= Cezary Kaliszyk =

Researcher, Ph.D. Radboud Universiteit Nijmegen 2009, ORCID ID = 0000–0002-8273-6059

Cezary Kaliszyk (born 1981) is a Polish computer scientist and professor of theoretical computer science at the University of Melbourne. His research focuses on automated reasoning, formal mathematics, proof assistants, and the application of artificial intelligence and machine learning to mathematical reasoning.

== Education ==
Kaliszyk studied computer science and mathematics at the University of Warsaw. He received a PhD in computer science from Radboud University Nijmegen in 2009 and completed his habilitation in computer science at the University of Innsbruck in 2016.

== Career ==

Kaliszyk held postdoctoral positions at the Technical University of Munich and the University of Tsukuba before joining the University of Innsbruck in 2012. In 2024, he joined the University of Melbourne as a professor of theoretical computer science.
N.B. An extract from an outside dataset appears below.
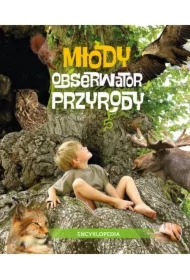 Młody Obserwator Przyrody. Encyklopedia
In 2016, Kaliszyk received a European Research Council Starting Grant for the SMART project (Strong Modular proof Assistance: Reasoning across Theories). The project investigated automated proof assistance and methods for combining automated reasoning with machine learning. Kaliszyk was involved in EuroProofNet, the European Research Network on Formal Proofs, and led its working group on machine learning in proofs. In 2025, Kaliszyk received an AI for Math grant from Renaissance Philanthropy for research on artificial intelligence systems for mathematical and symbolic reasoning.